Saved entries
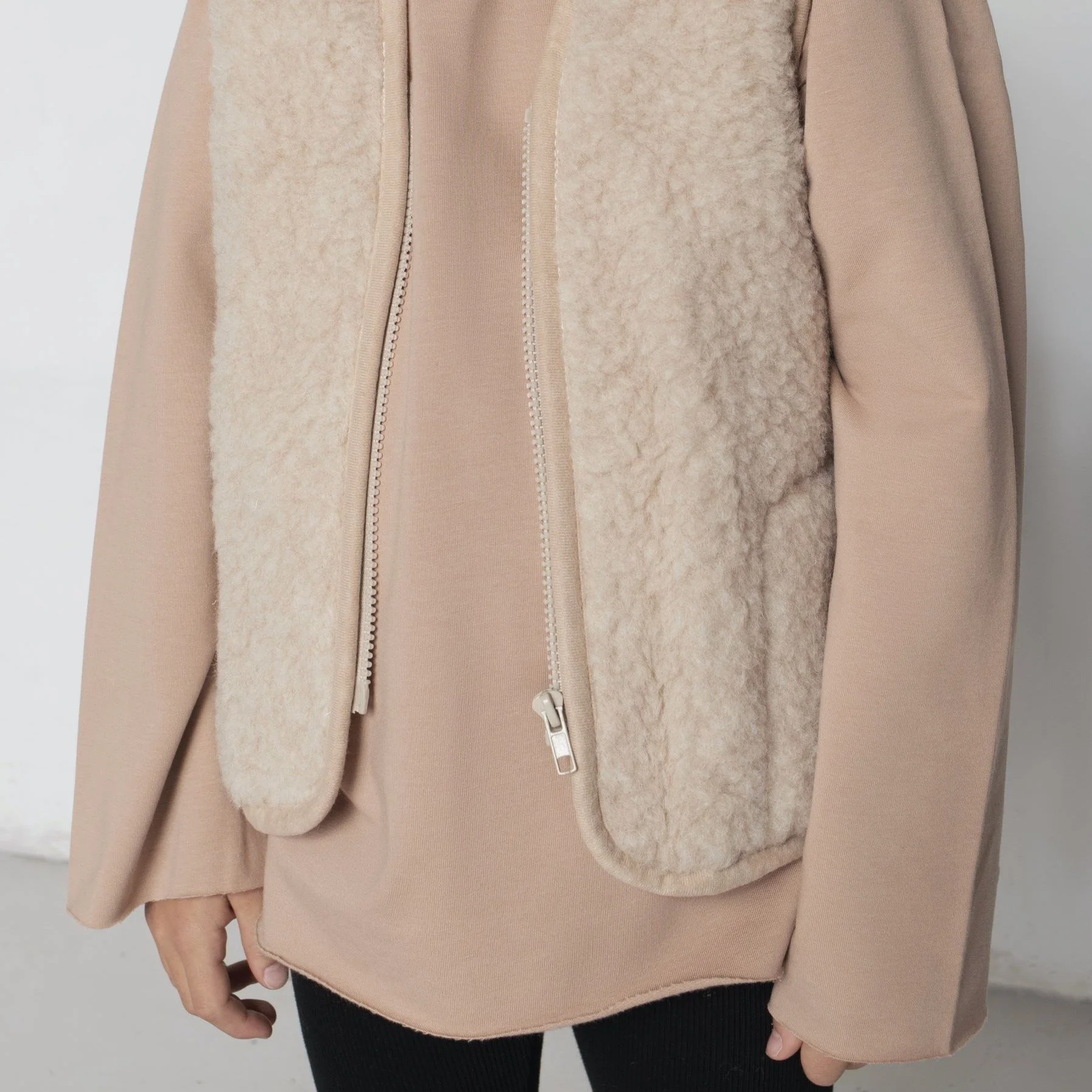 MAMA Clara 100% Wool Vest (Latte) - Image 3
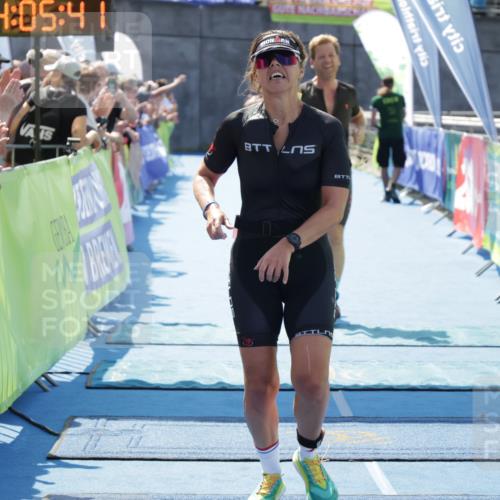 10.08.2025 - GEWOBA Citytriathlon Bremen H.Heesch http://msf.ph/oto/8554058 10.08.2025 14:05:45 Ziel 628, 684, 706, 839, 973 meine-sportfotos.de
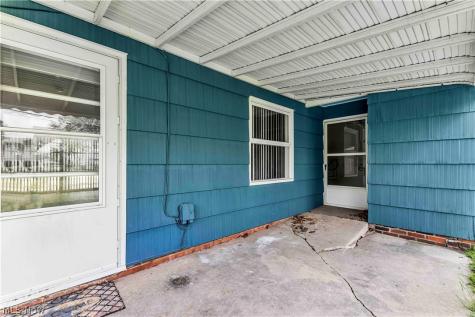6674 Newbury Lane Cleveland OH 44130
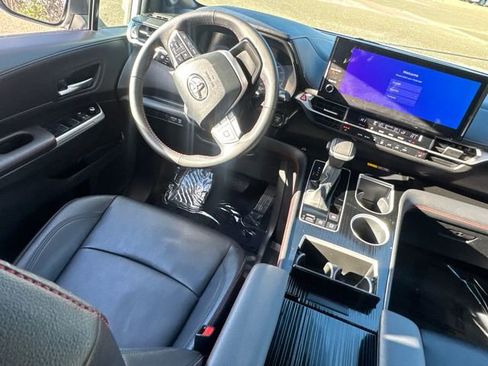 Certified 2025 Toyota Sienna XSE image 30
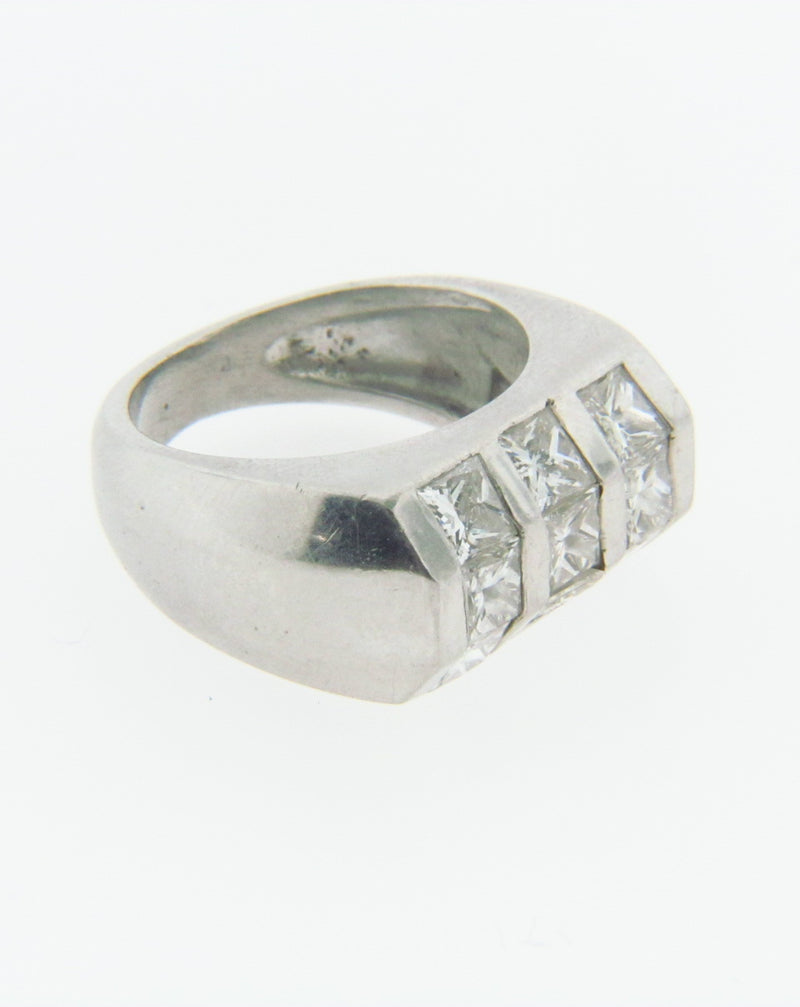 Platinum Diamond Ring | 18 Karat Appraisers | Beverly Hills, CA | Fine Jewelry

■ WORK REQUEST:
From the line containing "Certified 2025 Toyota Sienna XSE image 30" to the last line of the records above, return each line exactly, both ends included, and nothing more. Leave out the pictures.

■ OUTPUT FOR THIS EXERCISE:
 Certified 2025 Toyota Sienna XSE image 30
 Platinum Diamond Ring | 18 Karat Appraisers | Beverly Hills, CA | Fine Jewelry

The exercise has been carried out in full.